There's a lot of inspirational pep talk here on Warrior Spirit. Many self-help books and inspiration blogs also encourage us to reach for our goals and take big changes, trusting that we have what it takes all the time, despite our fears, which are overblown, after all.

But, as Dr. Seuss points out, sometimes we won't succeed. Sometimes we don't have what it takes, because it's our first time in unfamiliar territory. We took a step into an established community with our chest all puffed up, challenged the leaders, and got shot down (or, worse, laughed down). We find ourselves lacking because we fail to recognize our place, which is that of a learner.

We cannot learn unless we acknowledge that we don't have all the answers. We cannot grow and adapt unless we accept that we aren't already capable of handling whatever challenge we face.

That is the definition of adaptation, after all: finding a way to overcome a challenge that proved too much in the past.

So, in order to grow, we need to accept that we are not All That, that's we've got a ways to go, and that we are going to fail and mess up. These things will happen, and if we are not ready to accept them, we are liable to just throw in the towel and quit.

What to Do When We Fail

My biggest fear right now is that after all the work writing and promoting my little book, nobody will download it. I followed the advice of a lot of inspiring bloggers and lifestyle designers I respect and admire. They said, if you jump, a net will appear. They said that the fear of failure is overblown, and that more often than not, things work out.

But what if they don't?

Nobody tells us how to deal with crushing defeat. Nobody explains the next step, because the point of failure is that, even when you did everything right, the ground fell out from under you. There is no next step, because you've fallen off the staircase to success.

You are left behind.

A lot of the people who push us to excel don't even want to admit that anybody following their advice could fail or that things might conspire against them. They brush those left behind under the rug and hope nobody else asks questions.

Well, I'll take a stab at a next step.

The next step is to accept failure, embrace it, and start working your way out of it. Every failure is unique, and we all respond to it in our own unique way, so getting out (unslumping ourselves, as Dr. Seuss would put it) takes some creativity. There is no map out; that's what makes it so devastating.

It takes faith to believe you can try again and succeed the second time. It takes courage to do the work despite looming obstacles, never truly certain you'll measure up when you have to face them. To believe you can succeed after you failed once is the most difficult thing in life, but that's what defines character.

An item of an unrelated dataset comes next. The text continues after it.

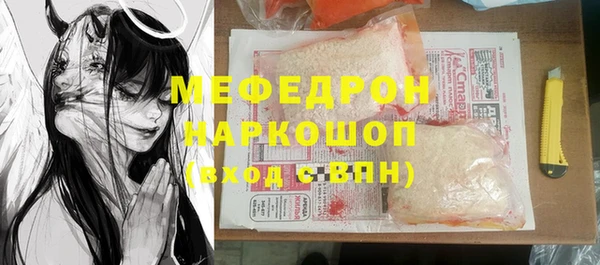 твердый Арсеньев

The only thing to do is accept that we messed up or thing just didn't work out so that we can start over. Until we actually embrace that we are on the ground, lost, we cannot even begin to move forward.

And that is when we grow into something greater than we were.

***

Back to my D&D setting. After thinking about it for a bit, I realized there were a lot of problems with the first edition. To treat it like the final product was arrogant. It had been a work in progress, and here was a chance to make that progress.

I figured if I had written it once I could write it again. There had been too much creativity in there to just let it pass away unnoticed.

So I sat down, and I started a new history of the same world. I wrote feverishly (broke my spacebar) and redid the whole thing in a day.

And you know what? The new one was better. It became the foundation for a rich, elaborate storytelling setting that inspired me and others for years. It had a unique flavor that the original lacked, and it was even longer (70 pages).

I had learned from my previous attempt and, more importantly, I accepted that it could be simply a learning experience and not the end-all-be-all of my writing career.

We must remember to approach all of our life that way. Everything can be a learning experience.

We're never good enough that what we do is pristine and perfect, an ultimate END-product. After all, an End means we have nothing more to do. Instead, we must live life for growth.

If we can accept that, we can keep producing great things.